(Source data)
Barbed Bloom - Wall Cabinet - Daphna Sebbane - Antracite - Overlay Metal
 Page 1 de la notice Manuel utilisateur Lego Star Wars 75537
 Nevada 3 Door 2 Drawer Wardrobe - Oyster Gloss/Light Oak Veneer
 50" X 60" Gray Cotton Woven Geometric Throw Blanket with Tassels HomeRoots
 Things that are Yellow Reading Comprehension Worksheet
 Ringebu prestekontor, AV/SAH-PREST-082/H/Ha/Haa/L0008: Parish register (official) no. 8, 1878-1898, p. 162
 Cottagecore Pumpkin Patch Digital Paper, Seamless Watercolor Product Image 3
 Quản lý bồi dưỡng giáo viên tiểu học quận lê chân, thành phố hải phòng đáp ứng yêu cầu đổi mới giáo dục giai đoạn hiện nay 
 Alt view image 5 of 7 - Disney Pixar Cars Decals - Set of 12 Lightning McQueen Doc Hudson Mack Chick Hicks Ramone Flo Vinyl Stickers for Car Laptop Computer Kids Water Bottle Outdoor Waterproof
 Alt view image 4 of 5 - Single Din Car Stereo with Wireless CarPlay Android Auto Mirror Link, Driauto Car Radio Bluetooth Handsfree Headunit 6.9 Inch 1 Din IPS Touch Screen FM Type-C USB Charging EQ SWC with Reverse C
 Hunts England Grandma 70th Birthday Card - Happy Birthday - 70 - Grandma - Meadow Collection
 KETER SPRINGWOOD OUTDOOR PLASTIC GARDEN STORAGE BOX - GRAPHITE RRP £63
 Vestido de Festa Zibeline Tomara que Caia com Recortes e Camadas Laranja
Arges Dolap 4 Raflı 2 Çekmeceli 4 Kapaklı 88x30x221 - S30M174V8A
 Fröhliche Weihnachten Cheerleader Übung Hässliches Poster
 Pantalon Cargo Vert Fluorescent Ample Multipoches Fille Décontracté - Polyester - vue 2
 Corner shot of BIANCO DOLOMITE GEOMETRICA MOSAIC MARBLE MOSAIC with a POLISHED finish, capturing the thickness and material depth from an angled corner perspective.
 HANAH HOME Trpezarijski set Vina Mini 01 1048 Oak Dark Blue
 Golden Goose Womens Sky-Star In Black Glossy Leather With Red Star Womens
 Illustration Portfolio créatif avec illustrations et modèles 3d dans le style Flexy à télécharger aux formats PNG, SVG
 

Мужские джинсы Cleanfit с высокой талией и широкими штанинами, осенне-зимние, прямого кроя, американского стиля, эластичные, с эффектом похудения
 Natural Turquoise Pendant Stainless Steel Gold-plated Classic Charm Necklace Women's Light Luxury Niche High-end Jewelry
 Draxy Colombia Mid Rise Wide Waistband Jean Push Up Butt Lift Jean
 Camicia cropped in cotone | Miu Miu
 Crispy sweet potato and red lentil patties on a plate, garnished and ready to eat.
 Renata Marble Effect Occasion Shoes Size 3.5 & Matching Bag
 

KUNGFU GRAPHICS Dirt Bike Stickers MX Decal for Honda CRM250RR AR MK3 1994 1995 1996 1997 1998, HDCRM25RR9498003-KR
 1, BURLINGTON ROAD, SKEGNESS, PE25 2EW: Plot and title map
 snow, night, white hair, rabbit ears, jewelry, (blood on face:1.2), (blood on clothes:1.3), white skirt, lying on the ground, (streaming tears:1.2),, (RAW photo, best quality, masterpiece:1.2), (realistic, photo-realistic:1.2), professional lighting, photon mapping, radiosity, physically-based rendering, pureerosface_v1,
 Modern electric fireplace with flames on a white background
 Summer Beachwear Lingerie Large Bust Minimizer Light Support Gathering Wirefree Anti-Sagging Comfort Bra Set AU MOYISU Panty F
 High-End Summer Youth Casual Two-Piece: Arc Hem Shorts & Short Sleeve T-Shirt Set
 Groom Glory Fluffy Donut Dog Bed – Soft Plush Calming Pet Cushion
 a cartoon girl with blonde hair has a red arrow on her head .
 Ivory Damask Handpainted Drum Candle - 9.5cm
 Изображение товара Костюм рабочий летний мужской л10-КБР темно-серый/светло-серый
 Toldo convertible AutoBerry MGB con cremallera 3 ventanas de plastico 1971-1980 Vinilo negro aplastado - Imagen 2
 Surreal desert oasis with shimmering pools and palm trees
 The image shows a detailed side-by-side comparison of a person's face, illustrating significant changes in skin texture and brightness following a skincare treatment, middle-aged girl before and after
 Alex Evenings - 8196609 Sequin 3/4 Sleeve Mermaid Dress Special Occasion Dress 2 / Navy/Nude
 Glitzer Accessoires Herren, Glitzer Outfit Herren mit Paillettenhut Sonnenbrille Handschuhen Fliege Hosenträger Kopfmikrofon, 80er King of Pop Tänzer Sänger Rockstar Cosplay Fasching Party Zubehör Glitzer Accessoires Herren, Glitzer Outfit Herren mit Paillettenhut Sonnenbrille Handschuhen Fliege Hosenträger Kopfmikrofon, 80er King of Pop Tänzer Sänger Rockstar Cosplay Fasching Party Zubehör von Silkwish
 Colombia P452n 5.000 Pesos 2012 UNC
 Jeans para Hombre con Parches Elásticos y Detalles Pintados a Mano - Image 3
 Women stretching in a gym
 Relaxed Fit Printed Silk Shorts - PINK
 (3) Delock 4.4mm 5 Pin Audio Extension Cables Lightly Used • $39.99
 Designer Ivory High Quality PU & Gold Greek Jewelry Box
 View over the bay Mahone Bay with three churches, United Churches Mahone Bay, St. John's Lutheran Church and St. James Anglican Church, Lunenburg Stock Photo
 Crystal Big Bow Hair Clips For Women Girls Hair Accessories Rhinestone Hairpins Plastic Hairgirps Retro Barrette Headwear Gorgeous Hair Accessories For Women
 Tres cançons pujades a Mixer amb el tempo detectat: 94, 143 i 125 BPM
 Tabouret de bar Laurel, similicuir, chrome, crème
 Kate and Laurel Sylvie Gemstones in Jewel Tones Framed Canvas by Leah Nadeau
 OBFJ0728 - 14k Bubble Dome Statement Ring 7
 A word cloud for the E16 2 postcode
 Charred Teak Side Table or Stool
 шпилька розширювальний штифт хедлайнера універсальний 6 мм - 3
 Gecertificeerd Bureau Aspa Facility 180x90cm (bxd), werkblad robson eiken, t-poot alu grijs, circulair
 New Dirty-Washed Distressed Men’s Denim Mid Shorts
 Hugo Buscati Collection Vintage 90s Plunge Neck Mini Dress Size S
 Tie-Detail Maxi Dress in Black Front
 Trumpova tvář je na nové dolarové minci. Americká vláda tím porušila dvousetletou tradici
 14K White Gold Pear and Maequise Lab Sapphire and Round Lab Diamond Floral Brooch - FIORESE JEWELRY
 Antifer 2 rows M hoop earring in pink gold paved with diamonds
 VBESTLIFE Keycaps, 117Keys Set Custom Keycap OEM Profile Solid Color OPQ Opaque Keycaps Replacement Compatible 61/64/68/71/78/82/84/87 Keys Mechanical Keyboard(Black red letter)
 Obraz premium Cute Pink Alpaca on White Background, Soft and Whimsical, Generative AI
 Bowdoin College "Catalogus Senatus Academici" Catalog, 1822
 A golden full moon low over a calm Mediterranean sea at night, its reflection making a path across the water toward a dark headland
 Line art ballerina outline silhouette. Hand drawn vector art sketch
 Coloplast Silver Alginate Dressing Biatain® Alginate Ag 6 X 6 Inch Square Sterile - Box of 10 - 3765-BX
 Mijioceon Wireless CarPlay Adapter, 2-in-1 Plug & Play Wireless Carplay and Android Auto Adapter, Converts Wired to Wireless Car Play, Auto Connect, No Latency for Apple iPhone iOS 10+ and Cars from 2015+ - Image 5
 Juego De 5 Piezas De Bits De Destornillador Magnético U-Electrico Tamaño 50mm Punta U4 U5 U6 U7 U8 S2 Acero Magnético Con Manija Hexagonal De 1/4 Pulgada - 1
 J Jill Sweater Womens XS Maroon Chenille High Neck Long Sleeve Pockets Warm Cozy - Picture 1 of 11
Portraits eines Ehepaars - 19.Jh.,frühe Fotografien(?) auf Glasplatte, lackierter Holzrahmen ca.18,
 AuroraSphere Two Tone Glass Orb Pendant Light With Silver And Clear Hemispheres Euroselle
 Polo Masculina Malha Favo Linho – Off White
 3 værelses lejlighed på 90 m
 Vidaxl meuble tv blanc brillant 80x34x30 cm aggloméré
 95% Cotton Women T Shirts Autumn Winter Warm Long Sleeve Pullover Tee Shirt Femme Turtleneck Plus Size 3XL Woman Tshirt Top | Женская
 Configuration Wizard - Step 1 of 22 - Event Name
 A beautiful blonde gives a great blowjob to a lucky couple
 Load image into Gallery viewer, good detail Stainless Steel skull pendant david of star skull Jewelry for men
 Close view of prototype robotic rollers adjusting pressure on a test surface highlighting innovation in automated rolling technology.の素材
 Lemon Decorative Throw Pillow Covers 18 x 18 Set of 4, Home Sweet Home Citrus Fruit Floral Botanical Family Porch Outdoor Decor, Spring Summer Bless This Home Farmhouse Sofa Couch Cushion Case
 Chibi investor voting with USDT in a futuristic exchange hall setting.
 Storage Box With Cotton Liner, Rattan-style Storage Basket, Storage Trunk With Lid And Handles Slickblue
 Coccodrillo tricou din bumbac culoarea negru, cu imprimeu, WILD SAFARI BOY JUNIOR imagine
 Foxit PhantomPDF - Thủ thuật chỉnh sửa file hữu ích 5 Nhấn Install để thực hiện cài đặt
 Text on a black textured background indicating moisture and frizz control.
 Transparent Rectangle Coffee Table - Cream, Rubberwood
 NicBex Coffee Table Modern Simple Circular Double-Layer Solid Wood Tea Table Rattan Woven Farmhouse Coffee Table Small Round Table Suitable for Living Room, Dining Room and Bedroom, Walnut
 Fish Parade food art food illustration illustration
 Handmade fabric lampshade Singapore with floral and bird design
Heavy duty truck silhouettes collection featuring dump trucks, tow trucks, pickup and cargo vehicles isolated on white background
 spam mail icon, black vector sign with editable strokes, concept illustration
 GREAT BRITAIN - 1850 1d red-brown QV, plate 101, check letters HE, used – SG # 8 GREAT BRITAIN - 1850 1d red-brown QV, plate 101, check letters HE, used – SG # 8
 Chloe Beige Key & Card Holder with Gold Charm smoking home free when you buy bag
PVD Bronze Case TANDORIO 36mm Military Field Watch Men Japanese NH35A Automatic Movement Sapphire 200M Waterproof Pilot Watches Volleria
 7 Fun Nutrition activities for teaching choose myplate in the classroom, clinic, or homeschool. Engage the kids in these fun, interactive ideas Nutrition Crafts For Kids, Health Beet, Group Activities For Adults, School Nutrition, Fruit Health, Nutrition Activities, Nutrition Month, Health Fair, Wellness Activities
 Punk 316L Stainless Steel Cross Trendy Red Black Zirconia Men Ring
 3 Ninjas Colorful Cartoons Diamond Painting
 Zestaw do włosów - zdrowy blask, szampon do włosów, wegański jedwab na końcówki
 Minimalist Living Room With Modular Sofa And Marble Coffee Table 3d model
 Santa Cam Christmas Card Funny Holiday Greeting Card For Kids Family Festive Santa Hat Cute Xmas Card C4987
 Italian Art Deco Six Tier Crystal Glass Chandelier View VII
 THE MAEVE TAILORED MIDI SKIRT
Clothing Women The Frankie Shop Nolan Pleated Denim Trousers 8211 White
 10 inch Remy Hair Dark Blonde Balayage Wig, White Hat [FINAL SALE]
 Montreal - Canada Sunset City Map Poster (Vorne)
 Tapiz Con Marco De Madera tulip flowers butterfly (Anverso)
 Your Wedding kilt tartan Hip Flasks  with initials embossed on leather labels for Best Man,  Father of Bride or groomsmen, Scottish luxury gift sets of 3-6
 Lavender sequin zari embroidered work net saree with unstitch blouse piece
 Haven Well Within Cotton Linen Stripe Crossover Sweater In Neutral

Task requirements
Retype only this portion of the data above: the line containing "Изображение товара Костюм", the line containing "Jeans para Hombre", and all lines between them, exactly.

Result
 Изображение товара Костюм рабочий летний мужской л10-КБР темно-серый/светло-серый
 Toldo convertible AutoBerry MGB con cremallera 3 ventanas de plastico 1971-1980 Vinilo negro aplastado - Imagen 2
 Surreal desert oasis with shimmering pools and palm trees
 The image shows a detailed side-by-side comparison of a person's face, illustrating significant changes in skin texture and brightness following a skincare treatment, middle-aged girl before and after
 Alex Evenings - 8196609 Sequin 3/4 Sleeve Mermaid Dress Special Occasion Dress 2 / Navy/Nude
 Glitzer Accessoires Herren, Glitzer Outfit Herren mit Paillettenhut Sonnenbrille Handschuhen Fliege Hosenträger Kopfmikrofon, 80er King of Pop Tänzer Sänger Rockstar Cosplay Fasching Party Zubehör Glitzer Accessoires Herren, Glitzer Outfit Herren mit Paillettenhut Sonnenbrille Handschuhen Fliege Hosenträger Kopfmikrofon, 80er King of Pop Tänzer Sänger Rockstar Cosplay Fasching Party Zubehör von Silkwish
 Colombia P452n 5.000 Pesos 2012 UNC
 Jeans para Hombre con Parches Elásticos y Detalles Pintados a Mano - Image 3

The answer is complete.